Breakdown of Business Cases in the English Courts*
- In the first quarter of 2018, the construction and property sector litigated the most with a 54% increase of cases compared to the first quarter of 2017. More specifically, 126 construction and property companies litigated to trial in the first quarter of 2018 more than any other commercial sector. This compares to the 82 companies that litigated the year before. The increase of cases brought by construction and property company litigants may be attributed to the construction and property sector's decision to exit low-margin contracts entered into during the recession.
- Between the first quarter and third quarter of 2018, business disputes involving the banking, financial services and insurance sector saw an increase in activity. In this period, a total of 350 companies litigated to trial. This is a 27% increase when compared to the same period in 2017. More specifically, the most substantial growth was in the insurance sector where there was a 61% increase in commercial cases being litigated to trial compared to 2017.
- Information tech companies also litigated more in 2018 with a 44% increase in cases compared with 2017 (78 companies litigated to trial compared to 54 in the previous year). This increase may be a result of more data related claims resulting from a heightened awareness of issues concerning the use and storage of data following the introduction of the GDPR in May 2018.
- However, overall, the number of cases litigated to trial in English courts between the first and third quarters of 2018 amounted to 1,557. When compared to the same period in 2017, this represents a 7% drop.
- Some growth areas concerning cases which went to trial between the first and third quarter of 2018 include:
- Contractual disputes (21% increase compared to 2017)
- Arbitration related litigation (59% increase compared to 2017)
Tax avoidance in the UK has become a top priority for HM Revenue and Customs (HMRC). The growing and controversial powers the HMRC possess such as accelerated payment notices (APN's) have paved the way for taxpayers to litigate by way of judicial review.
126 tax-related disputes reached judgement in the English courts in 2017 representing a 15% increase on 2015. Despite this, tax disputes going to trial decreased by 20% between the first and third quarters of 2018 (from 96 cases to 77). This drop may be linked to the HMRC settling more claims before they reach the court.
Some lawyers predict a surge of tax claims in the English courts before the UK leaves the EU as EU law still remains one of the primary ways for UK taxpayers to challenge domestic tax law.
In 2018, the English courts remained a popular choice for international clients litigating. One of the largest increases was from clients based in Asia with a total of 86 claims being litigated to trial between the first and second quarter of 2018, a 96% increase compared with the same period in 2017.
Other international litigants from Southern Europe and North America/US have increased by 64% and 35% respectively in the first and second quarter of 2018. Between the first and third quarter of 2018, 34% of the 1,765 commercial litigants who litigated to trial were from outside the UK. This is a 5% increase compared with the same period in 2017.

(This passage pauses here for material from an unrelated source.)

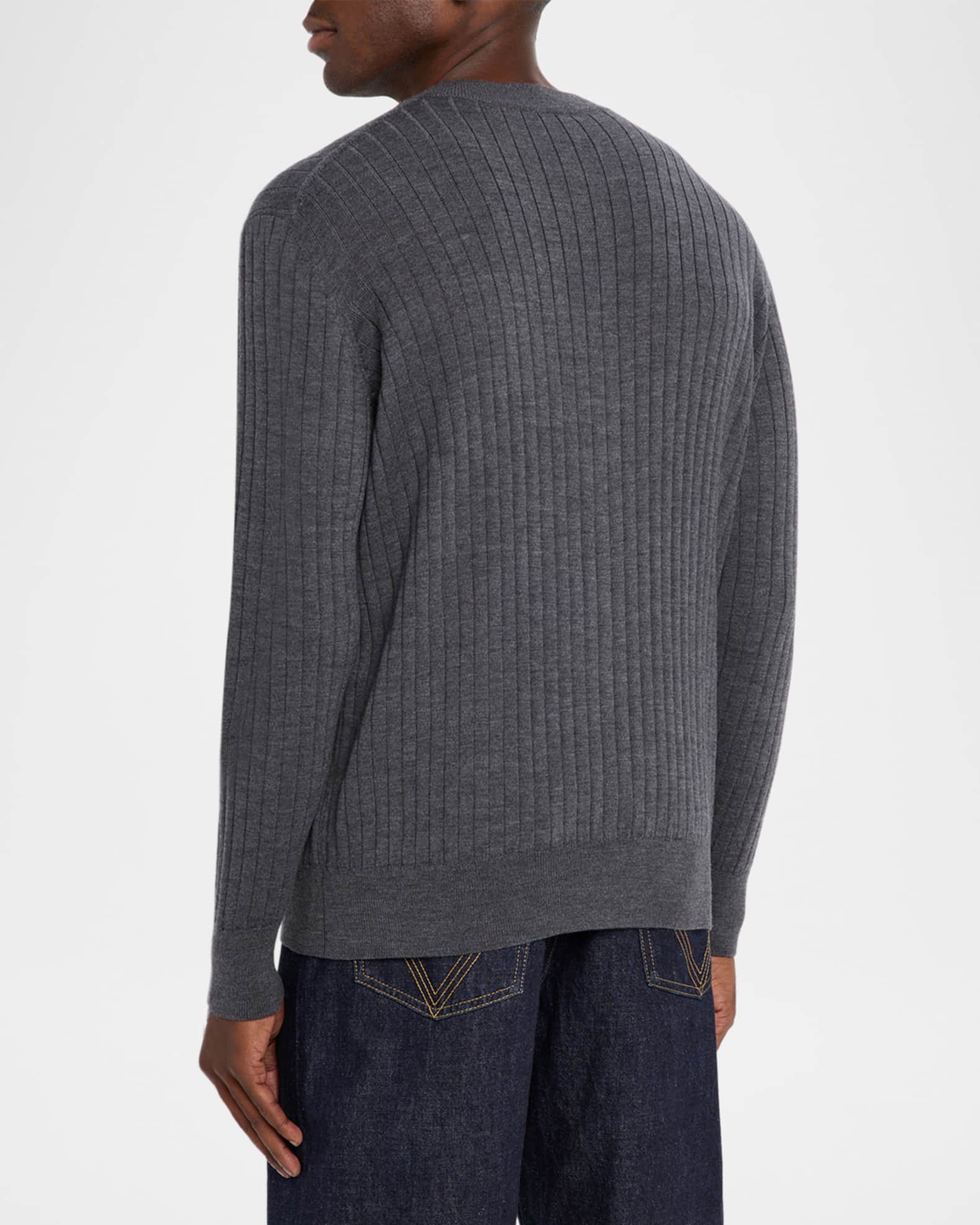 Bottega Veneta Men's Ribbed Wool Cardigan with Leather Buttons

The English Courts continue to maintain high levels of activity for dispute resolution in many areas and remain an attractive forum for commercial litigants from home and abroad. It remains to be seen what will happen in 2019. However, as we enter into an age where technology dominates and regulation increases, it appears likely that disputes in this area will continue to rise.
Authors: Dixson Lee & Neil Meakin, TLT LLP | www.tltsolicitors.com
*The data provided is based on an analysis of judgements handed down by the seven divisions of the High Court, the Supreme Court, the Judicial Committee of the Privy Council, the Court of Appeal (Civil Division), the Intellectual Property Enterprise Court, the Upper Tribunal (Tax and Chancery Chamber) and the Upper Tribunal (Lands Chamber)). The data does not include cases that have been heard but judgements not yet handed down or cases which have reached settlement.